Un messaggio agostiniano
“È l’ultima opera romana di Caravaggio. La famiglia Cavalletti era originaria delle Marche e devota alla Madonna di Loreto. La Vergine è rappresentata di fronte alla Santa Casa appena tratteggiata con un gradino e uno stipite un po’ sberciato. Non abita in una casa nobile. Il panno bianco con cui sorregge il Bambino è un riferimento al sudario della Passione”. Il messaggio di quest’opera è proprio della spiritualità agostiniana. “Il movimento verso Dio”, fa notare padre Cormio, “non avviene solo tramite la volontà dell’uomo. C’è sempre la grazia divina che ci precede e viene incontro”

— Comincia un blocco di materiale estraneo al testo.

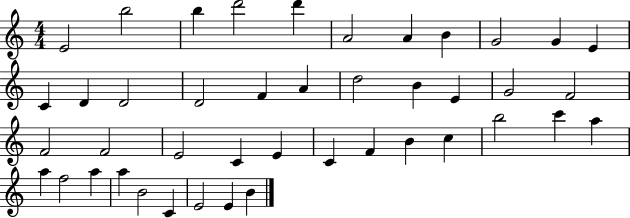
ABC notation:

X:1
T:Untitled
M:4/4
L:1/4
K:C
E2 b2 b d'2 d' A2 A B G2 G E C D D2 D2 F A d2 B E G2 F2 F2 F2 E2 C E C F B c b2 c' a a f2 a a B2 C E2 E B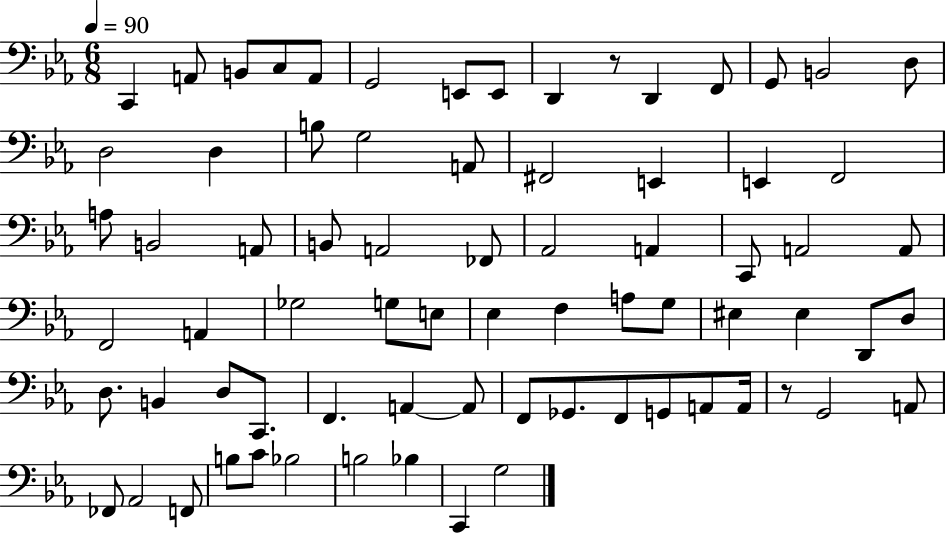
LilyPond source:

{
  \clef bass
  \numericTimeSignature
  \time 6/8
  \key ees \major
  \tempo 4 = 90
  c,4 a,8 b,8 c8 a,8 | g,2 e,8 e,8 | d,4 r8 d,4 f,8 | g,8 b,2 d8 | \break d2 d4 | b8 g2 a,8 | fis,2 e,4 | e,4 f,2 | \break a8 b,2 a,8 | b,8 a,2 fes,8 | aes,2 a,4 | c,8 a,2 a,8 | \break f,2 a,4 | ges2 g8 e8 | ees4 f4 a8 g8 | eis4 eis4 d,8 d8 | \break d8. b,4 d8 c,8. | f,4. a,4~~ a,8 | f,8 ges,8. f,8 g,8 a,8 a,16 | r8 g,2 a,8 | \break fes,8 aes,2 f,8 | b8 c'8 bes2 | b2 bes4 | c,4 g2 | \break \bar "|."
}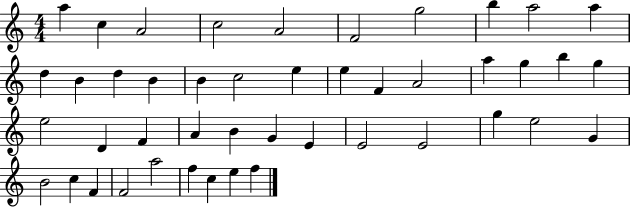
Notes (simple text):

A5/q C5/q A4/h C5/h A4/h F4/h G5/h B5/q A5/h A5/q D5/q B4/q D5/q B4/q B4/q C5/h E5/q E5/q F4/q A4/h A5/q G5/q B5/q G5/q E5/h D4/q F4/q A4/q B4/q G4/q E4/q E4/h E4/h G5/q E5/h G4/q B4/h C5/q F4/q F4/h A5/h F5/q C5/q E5/q F5/q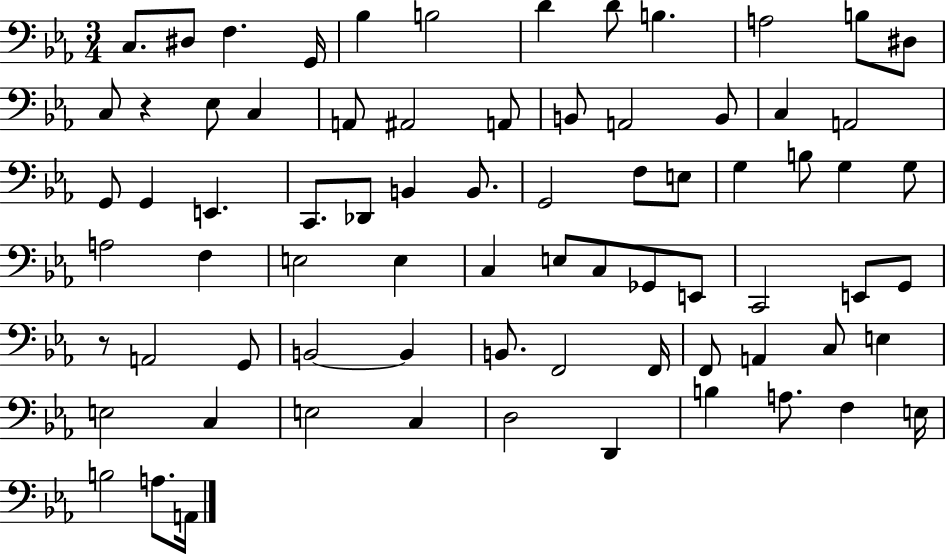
{
  \clef bass
  \numericTimeSignature
  \time 3/4
  \key ees \major
  c8. dis8 f4. g,16 | bes4 b2 | d'4 d'8 b4. | a2 b8 dis8 | \break c8 r4 ees8 c4 | a,8 ais,2 a,8 | b,8 a,2 b,8 | c4 a,2 | \break g,8 g,4 e,4. | c,8. des,8 b,4 b,8. | g,2 f8 e8 | g4 b8 g4 g8 | \break a2 f4 | e2 e4 | c4 e8 c8 ges,8 e,8 | c,2 e,8 g,8 | \break r8 a,2 g,8 | b,2~~ b,4 | b,8. f,2 f,16 | f,8 a,4 c8 e4 | \break e2 c4 | e2 c4 | d2 d,4 | b4 a8. f4 e16 | \break b2 a8. a,16 | \bar "|."
}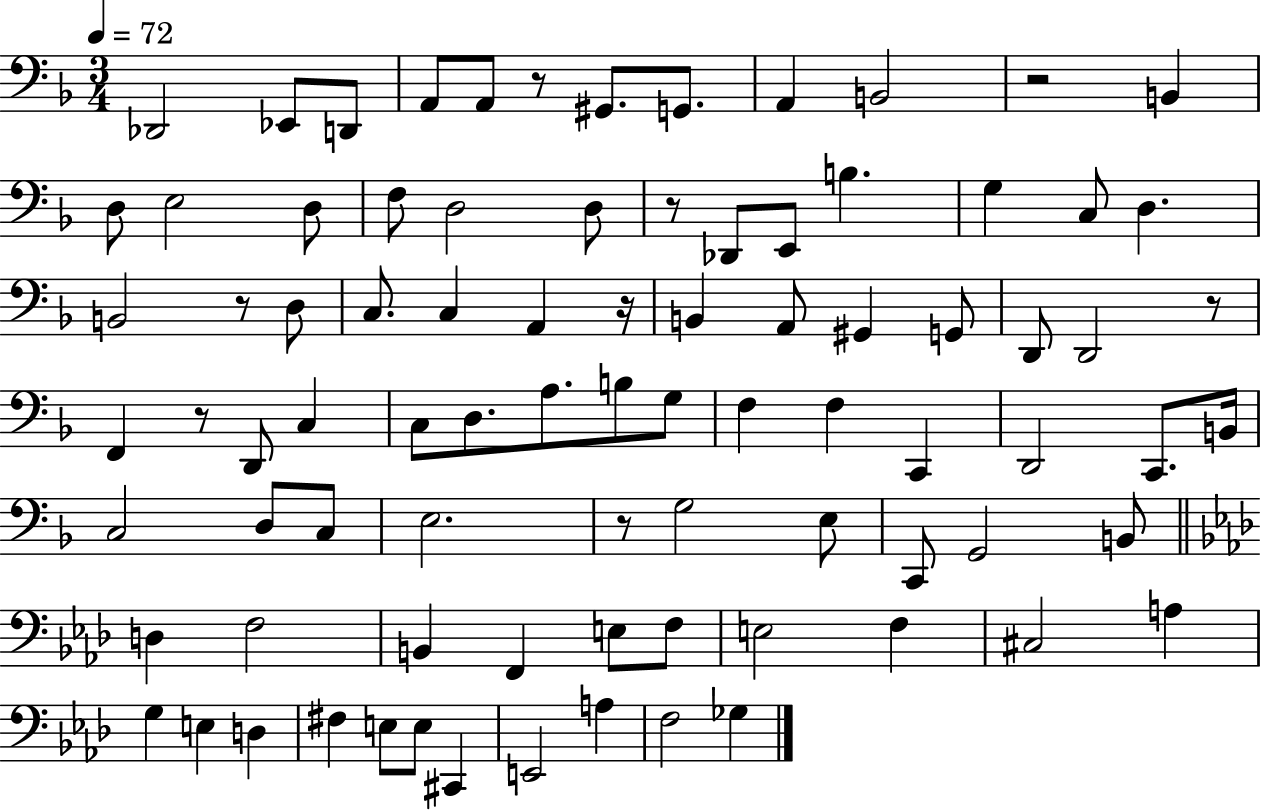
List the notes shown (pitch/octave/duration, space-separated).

Db2/h Eb2/e D2/e A2/e A2/e R/e G#2/e. G2/e. A2/q B2/h R/h B2/q D3/e E3/h D3/e F3/e D3/h D3/e R/e Db2/e E2/e B3/q. G3/q C3/e D3/q. B2/h R/e D3/e C3/e. C3/q A2/q R/s B2/q A2/e G#2/q G2/e D2/e D2/h R/e F2/q R/e D2/e C3/q C3/e D3/e. A3/e. B3/e G3/e F3/q F3/q C2/q D2/h C2/e. B2/s C3/h D3/e C3/e E3/h. R/e G3/h E3/e C2/e G2/h B2/e D3/q F3/h B2/q F2/q E3/e F3/e E3/h F3/q C#3/h A3/q G3/q E3/q D3/q F#3/q E3/e E3/e C#2/q E2/h A3/q F3/h Gb3/q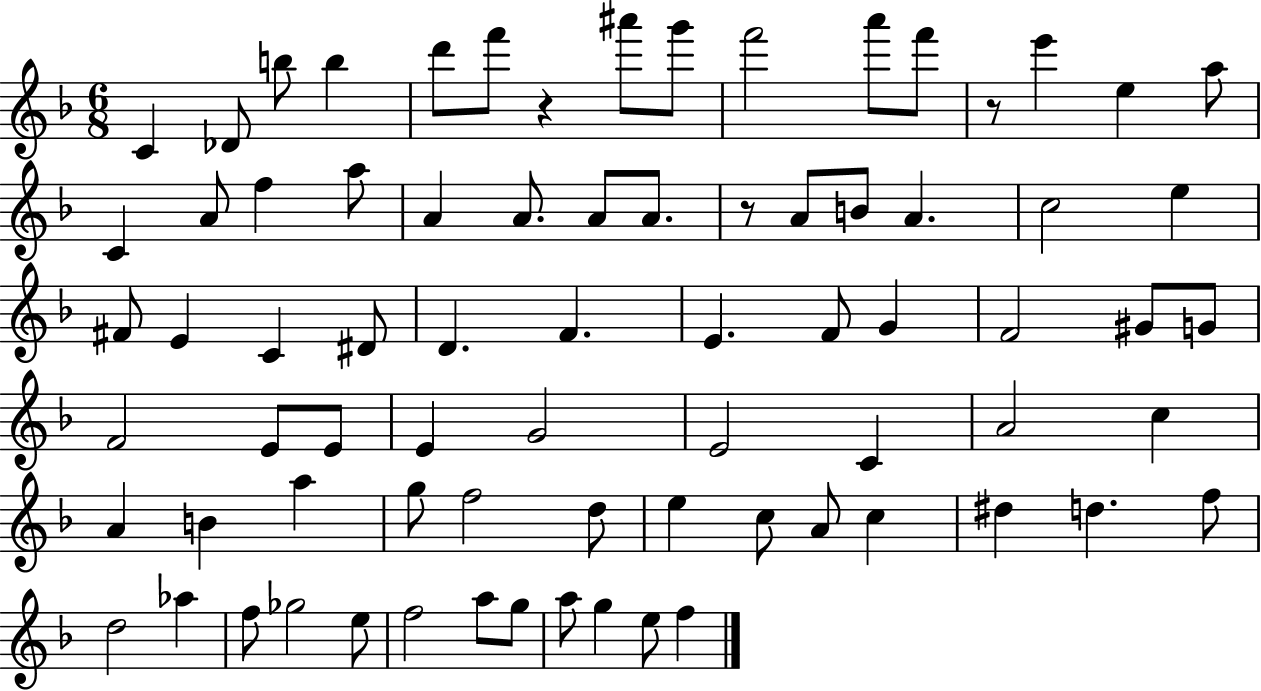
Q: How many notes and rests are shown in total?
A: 76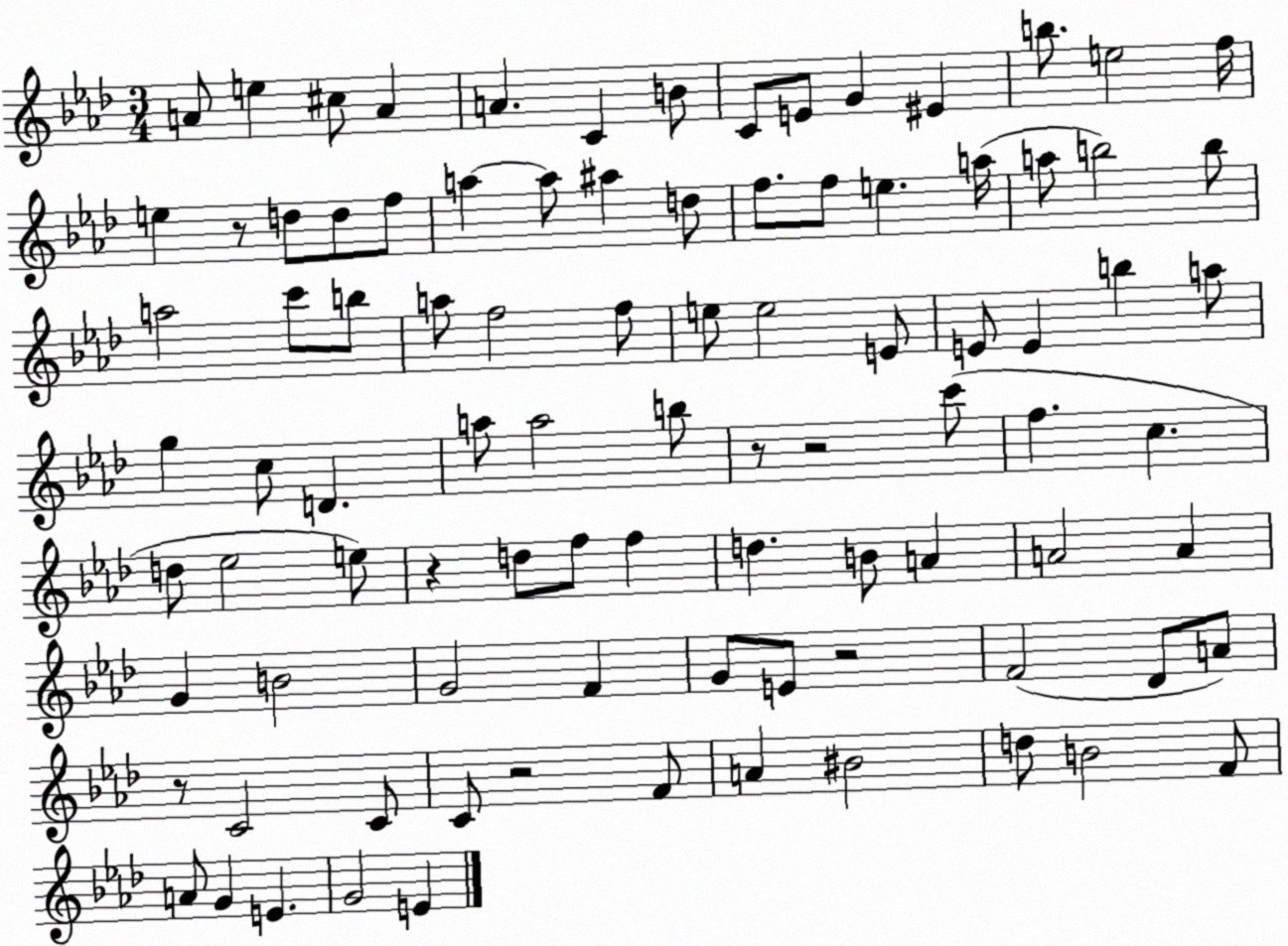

Il Profeta Isaia di Raffaello
Nella Basilica romana è presente un altro grande maestro del colore: Raffaello Sanzio. La figura del Profeta Isaia dipinta nel 1512 dall’urbinate risente nell’impostazione monumentale dei coevi affreschi michelangioleschi della Cappella Sistina. “Isaia - rileva padre Cormio - annuncia la nascita del Messia e reca in un cartiglio scritto in lingua ebraica l’invito ad entrare nella famiglia di Cristo: la Chiesa”. Tale profezia è rappresentata nella sottostante scultura di Andrea Sansovino dedicata alla Vergine Maria con Sant’Anna.
Il crocifisso di San Filippo Neri
Sempre nel fecondo rapporto tra arte, fede e devozione nello scrigno di Sant’Agostino in Campo Marzio incontriamo un ultimo gioiello. È un pregevole Crocifisso del XVI secolo.
Vi trascorreva ore in preghiera San Filippo Neri ai tempi in cui si formava alla teologia nel prestigioso studio facente parte del complesso agostiniano.